Essen im Gehen, simsen beim Fahren, Multitasking, Deadlines: Es ist schon seltsam: wir sparen in unserem Alltag immer mehr Zeit, und doch haben wir anscheinend immer weniger davon.

Die durchschnittliche Schlafdauer des modernen Menschen seit dem 19. Jahrhundert um zwei Stunden und seit den Siebzigerjahren um 30 Minuten abgenommen. Zudem verkürzt der Mensch zunehmend die Zeit, die er braucht, um von A nach B zu gelangen, die Gehgeschwindigkeit stimmt stetig zu. Ein britischer Psychologe hat in 32 Städten der Erde untersucht, in welchem Tempo Passanten sich fortbewegen. Er kam zum Ergebnis, dass die Geschwindigkeit innerhalb eines Jahrzehnts um rund zehn Prozent zugenommen hat. Aber auch in anderen Alltagsbereichen hat der Mensch sein Leben durchgetaktet und von Verschnaufpausen befreit. Oder in den Worten von Martin Liebmann: „Wir haben eine Diktatur der Ökonomie, die sich in alle Lebensbereiche gefressen hat.“ Oder Karlheinz Geissler, ein bekannter Zeitforscher aus Deutschland: „Der Mensch gönnt sich immer seltener Pausen.
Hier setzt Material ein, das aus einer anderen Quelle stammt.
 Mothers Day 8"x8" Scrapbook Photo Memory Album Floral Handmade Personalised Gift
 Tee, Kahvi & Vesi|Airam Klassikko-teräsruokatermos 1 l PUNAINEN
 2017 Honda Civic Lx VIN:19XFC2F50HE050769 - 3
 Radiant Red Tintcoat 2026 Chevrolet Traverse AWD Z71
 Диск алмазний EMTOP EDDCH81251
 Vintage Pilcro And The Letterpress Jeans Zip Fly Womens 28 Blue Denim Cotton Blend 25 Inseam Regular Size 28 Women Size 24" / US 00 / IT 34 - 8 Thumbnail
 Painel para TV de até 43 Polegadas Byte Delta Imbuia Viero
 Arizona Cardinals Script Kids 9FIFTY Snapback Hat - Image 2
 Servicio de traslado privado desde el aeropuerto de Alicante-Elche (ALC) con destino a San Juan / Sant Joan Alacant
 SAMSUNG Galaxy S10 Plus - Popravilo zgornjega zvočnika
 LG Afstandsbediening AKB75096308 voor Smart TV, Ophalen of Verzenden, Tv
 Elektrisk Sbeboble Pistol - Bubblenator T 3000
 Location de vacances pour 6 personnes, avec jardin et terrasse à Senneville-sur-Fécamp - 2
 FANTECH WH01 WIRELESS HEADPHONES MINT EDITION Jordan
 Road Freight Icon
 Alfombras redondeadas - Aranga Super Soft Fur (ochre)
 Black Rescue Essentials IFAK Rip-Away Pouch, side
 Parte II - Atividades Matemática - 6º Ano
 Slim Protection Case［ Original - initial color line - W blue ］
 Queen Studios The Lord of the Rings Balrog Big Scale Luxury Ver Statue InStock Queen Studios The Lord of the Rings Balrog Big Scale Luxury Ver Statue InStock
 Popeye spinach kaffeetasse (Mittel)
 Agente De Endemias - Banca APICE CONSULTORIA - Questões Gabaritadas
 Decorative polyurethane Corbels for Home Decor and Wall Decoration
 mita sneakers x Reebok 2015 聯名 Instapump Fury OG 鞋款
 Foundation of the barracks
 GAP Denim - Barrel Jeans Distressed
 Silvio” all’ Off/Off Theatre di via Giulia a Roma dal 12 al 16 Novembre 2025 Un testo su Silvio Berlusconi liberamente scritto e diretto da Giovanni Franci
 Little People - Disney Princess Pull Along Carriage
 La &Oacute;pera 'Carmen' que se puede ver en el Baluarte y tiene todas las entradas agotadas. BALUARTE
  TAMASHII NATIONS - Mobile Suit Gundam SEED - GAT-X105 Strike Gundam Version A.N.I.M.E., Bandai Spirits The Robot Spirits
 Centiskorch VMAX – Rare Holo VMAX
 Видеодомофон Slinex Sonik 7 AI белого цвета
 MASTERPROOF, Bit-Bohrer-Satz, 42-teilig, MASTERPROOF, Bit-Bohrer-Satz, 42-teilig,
Dabei ist Pausenentzug eine Form von Folter.“

Allmählich dämmert es einer wachsenden Zahl von Menschen, was beim Rumhetzen so alles auf der Strecke bleibt: Erkenntnis, Freundschaften, die eigene Gesundheit, Genuss und Spass. Was bei all dem Gehetze ebenso verloren geht, ist die Fähigkeit, komplexe Zusammenhänge zu erkennen, nachzudenken, zu verstehen. Vor allem Arbeitsprozesse haben sich derart verdichtet, dass selbst hochspezialisierte Fachkräfte oft nicht mehr erklären können, was genau sie eigentlich von morgens bis abends, und oft noch am Wochenende, tun. So kann kaum noch ein Mensch ernsthaft behaupten, er verstünde etwa, was bei internationalen Börsengeschäften im Einzelnen vor sich geht, deren Tempo sich in den vergangenen Jahren vertausendfacht hat. Transaktionen finden automatisiert und weltumspannend in Mikrosekunden statt, mit realen Auswirkungen, die verheerend sein können.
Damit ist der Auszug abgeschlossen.